Inroads to a Structured Data Natural Language Bijection and the role of LLM annotation
This is an incremental study for researchers in natural language processing, focusing on optimization strategies for sequence-to-sequence models.
This work tackled the problem of improving performance on structured data natural language tasks using multi-task learning and LLM annotation, finding that a multi-task T5-small model increased F1 score from 0.692 to 0.771, but adding synthetic LLM-annotated data did not substantially change performance.
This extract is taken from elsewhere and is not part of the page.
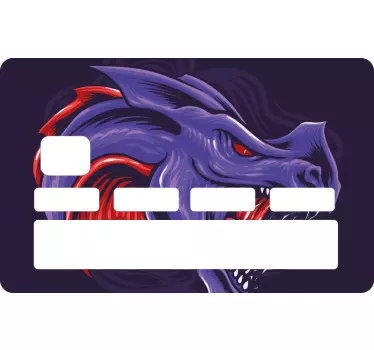 Autocollant carte bancaire Dragon violet - TenStickers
This work finds limited evidence supporting the theory that using multiple tasks with sequence-to-sequence transformer language models can improve performance on some metrics. In particular, the multi-task generalist t5-small outperforms the specialist t5-small with a $F_1$ of $0.771$ up from $0.692$, which may point to underlying cross-task knowledge generalization. This further suggests that even with the same network, "re-using" the same data in a different way may lead to higher performance in some metrics. However, the inverse task alone is likely only an optimization strategy, since it does not yield a significant general improvement at the model sizes explored in this work. Also, adding $\approx 4500$ LLM annotated records (interlaced with the $12800$ WebNLG training records) does not substantially change automatic metric performance compared to the same t5-small model without the synthetic data. This may be due to a learning capacity bottleneck on account of model size, and decreases observed may be due to distributional differences in the corpora. Future research using larger models or human evaluation is required to more fully explain the mechanisms contributing to performance on these tasks.